Already we have 3D television, and are well on the way to creating hologram technology. Laser projectors that in a few years will fit into your mobile phone, circuit boards that can be tattoo'd into your skin, an HUD that can be fitted into your eye, we're doing one hell of a lot technologically speaking, but where will this take us in the next 100 years?
Probably not here.
This is the holy grail of energy, screw Tony Stark and his arc reactor, Nuclear fusion should be clean, safe and powerful, so powerful in fact that if France had a fusion power station they could power the whole of Europe from it. Once created, fusion is an exothermic reaction that can sustain itself completely. It would be like building a little miniature sun and having it power your playstation 3.
Except you probably wouldn't have it in the middle of New York
Research into nuclear fusion has been going on since the manhattan project. You might remember that's the name of the project that created about half of the superheroes in the world, and destroyed half of Japan. they first managed it in 1952 but it hasn't yet been possible to turn it to civilian use, or even make it economically viable, but they don't think they're far off.
Computing and Communication
This is always a tough one to call, some people say development of computing will slow down because we won't be able to go any smaller/faster. Some say it will evolve into biology and some say we'll create computers that can think and will eventually destroy us (see above).
In the past 100 years we've gone from creating basic computing machines that take up whole buildings to beastly little devices that sit in the palm of your hand and can tell you how you're sleeping, how your diet is, where to eat, what to listen to and probably in a few years who to date. Oh wait, they already tell you who to date.
Clearly it's evil.
My personal opinion (the only opinion worth listening to) is that devices won't get any smaller, we'll simply combine them into machines that will control everything you do.

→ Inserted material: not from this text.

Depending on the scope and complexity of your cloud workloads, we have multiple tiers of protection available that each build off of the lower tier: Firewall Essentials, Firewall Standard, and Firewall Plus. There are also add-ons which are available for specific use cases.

Your iPhone will eventually control everything you own. It will pay for things when you go shopping, it will start your car, switch on your house alarm. It already turns your lights on/off, controls your CD player and beats your wife. Everything you don't have time to get up to do anymore.

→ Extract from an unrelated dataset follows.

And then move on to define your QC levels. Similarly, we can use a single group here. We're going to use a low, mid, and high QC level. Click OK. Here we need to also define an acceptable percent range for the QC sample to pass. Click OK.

Your computer won't be yours to own anymore, you'll pay Google to rent hard drive space, your unit at home will be the bare bones, a screen and enough to connect. The plus side is you won't be able to download viruses, but your programs will run from the ether, you won't buy them outright, you'll rent them by the hour/day/month and they'll be updated as soon as a new version comes out. File sharing will be a thing of the past, unless you're a badass who still owns one of those 'PC'
things, that can connect to the 'internet'.
Much in the same way your computer is paid for by the month, your connection to online gaming will require the same. What? They're doing that already? HOW MUCH?! Anyway, you won't be able to buy games on disc, because that's, like, bad for the environment, man.
Also it costs a LOT. Instead they'll move completely to download. You're saying to yourself "That's already happening, what kind of a prophet are you?". My answer is I'm not, so get the hell off my back. Your handheld console gaming will likely have moved to your uber-phone that i mentioned earlier, you'll download games straight to that. Your console or PC gaming could go literally ANYWHERE.
To be honest, I'm not even going to insult your intelligence by trying to forecast where gaming will go, consoles could die out, PC games could die out, Screens could be eradicated and 3D visors could become the vogue. It all depends on fashion, at the moment the fashion is for mind games, not the type your girlfriend plays, the ones your parents play because the advert tells them it'll make them smarter (it won't, it's just a game). The fact is if you're reading this you're on Cracked.com, and we all know you're a secret geek. or a public geek. What I'm trying to say is that you probably spend as much time reading about computer games as Nick Clegg spends selling out his voters (oooooooh!).